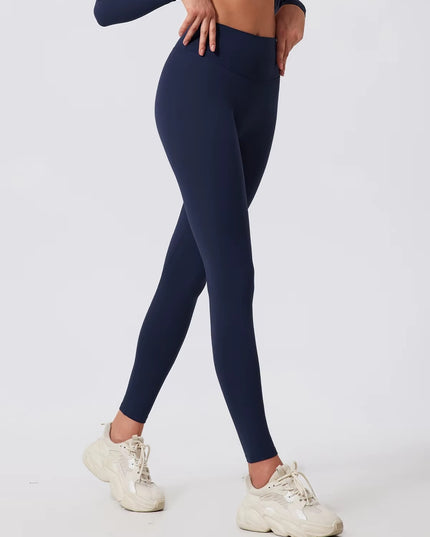 Core High Waist Leggings - Navy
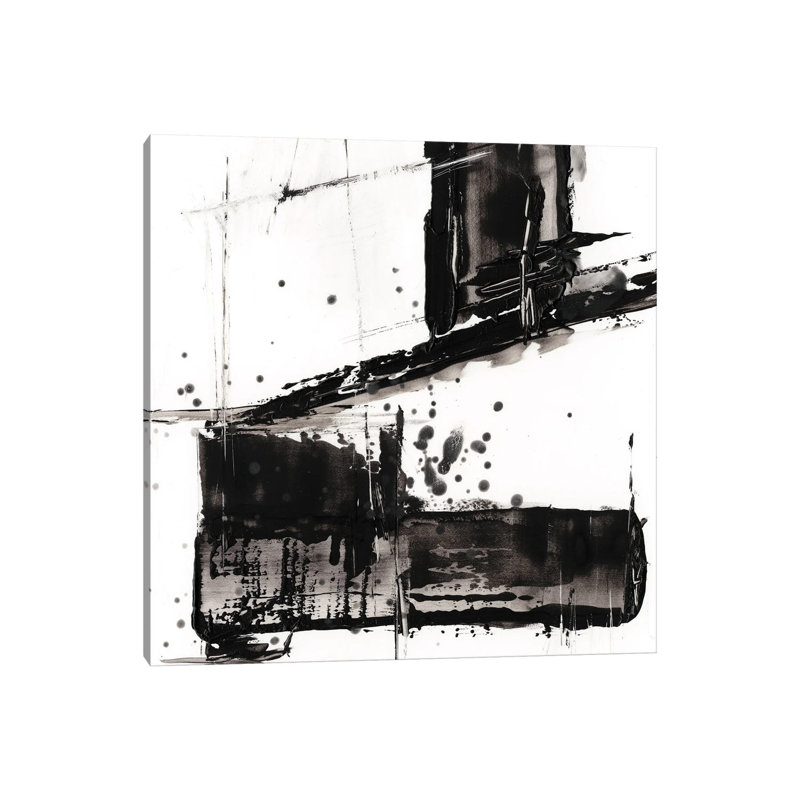 Toile en métal Stegardix - Jagged Edge II par Ethan Harper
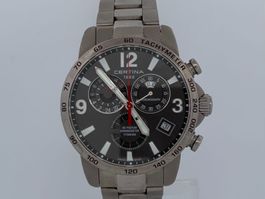 Certina DS Podium Chrono GMT Herrenuhr  C034.654.44.087.00
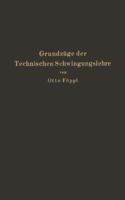 Grundzuge Der Technischen Schwingungslehre 3642896871 Book Cover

= = = = = = =

Excluding pictures, copy exactly the lines from the line containing "Toile en métal" through the last line of the data, inclusive.

 Toile en métal Stegardix - Jagged Edge II par Ethan Harper
 Certina DS Podium Chrono GMT Herrenuhr  C034.654.44.087.00
 Grundzuge Der Technischen Schwingungslehre 3642896871 Book Cover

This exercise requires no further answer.